Here's what happened. I had such great success with the sausage-making endeavour, I'm now obsessed with grinding meat. I ground up a few strip steaks that were slightly freezer burned (due to getting buried in the depths of a cube freezer) and some boneless pork country ribs and veal.
Making Bolognese is not difficult, but it IS time-consuming, as I found out. The problem started when I decided, 'WTF, I've got at least a pound of each type of meat, why not quadruple the recipe?', which called for 1/4 pound of ground beef, pork and veal. So I did.
If only I had read the recipe start to finish, and realized that the cooking time for a single recipe was three hours, a doubled recipe would be four hours...you do the math. Say, five or six hours of slow and low simmering time?
The recipe requires the liquids (first milk, then white wine) to evaporate. When you jump from one cup of each liquid...to FOUR, well, it takes a long time.

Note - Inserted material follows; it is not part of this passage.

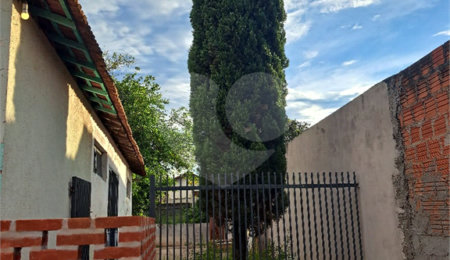 Casa à venda com 3 quartos, sendo 1 suíte,  em Vila Nossa Senhora de Fátima, São Carlos, SP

I started prepping at 3, so the milk simmer started around 4, the wine simmer started at around 5, the addition of the tomatoes and reserved liquid happened around 6...and then the real cooking started. Suffice it to say, we didn't have bolognese, sauteed rapini and a lovely bottle of red for dinner. We had turkey cold cut sandwiches and beer. Oh, and three (yes, three) tasty Vosges truffles from the box Chris brought me.